Wessex Football League
- Season: 2014–15
- Champions: Petersfield Town

= 2014–15 Wessex Football League =

The 2014–15 Wessex Football League season (known as the Sydenhams Football League (Wessex) for sponsorship reasons) was the 29th in the history of the Wessex Football League since its establishment in 1986.

The league consists of two divisions: the Premier Division and Division One.

==Premier Division==

The Premier Division featured 21 teams, one fewer than last season, after Sholing were promoted to the Southern League, and Downton and Romsey Town were relegated to Division One.

Two teams joined the division:
- Andover Town, runners-up in Division One.
- Petersfield Town, champions of Division One.

Salisbury City, who were removed from the Football Conference due to their financial problems, applied to the Wessex League for entry for the 2014–15 season.

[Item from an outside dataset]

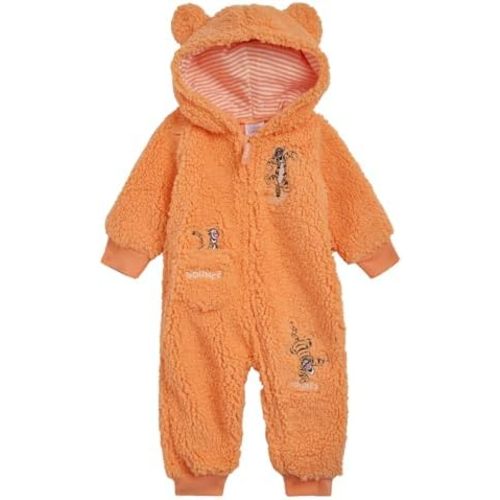 Disney Winnie the Pooh Mickey Mouse Lilo & Stitch Jack Skellington Monsters Inc Baby Zip Up Coverall Newborn to Infant Sizes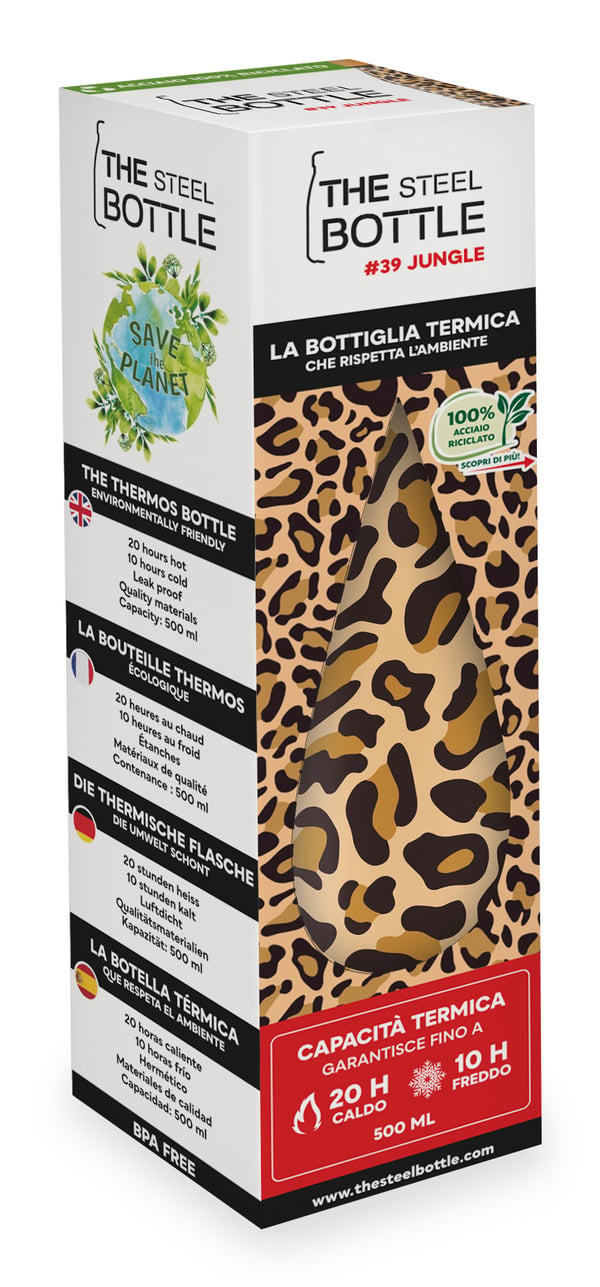 The Steel Bottle #39 jungle 500 ml Rustfrit stål Flerfarvet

This was despite the fact that the league had already started, with some clubs having played seven matches. The club was still threatened with liquidation in the High Court. However, the application was rejected by the league due to problems within the club's structure on and off the pitch, and the ongoing court cases.

The following clubs applied for promotion to Step 4: AFC Portchester, Blackfield & Langley, Moneyfields, Petersfield Town and Winchester City.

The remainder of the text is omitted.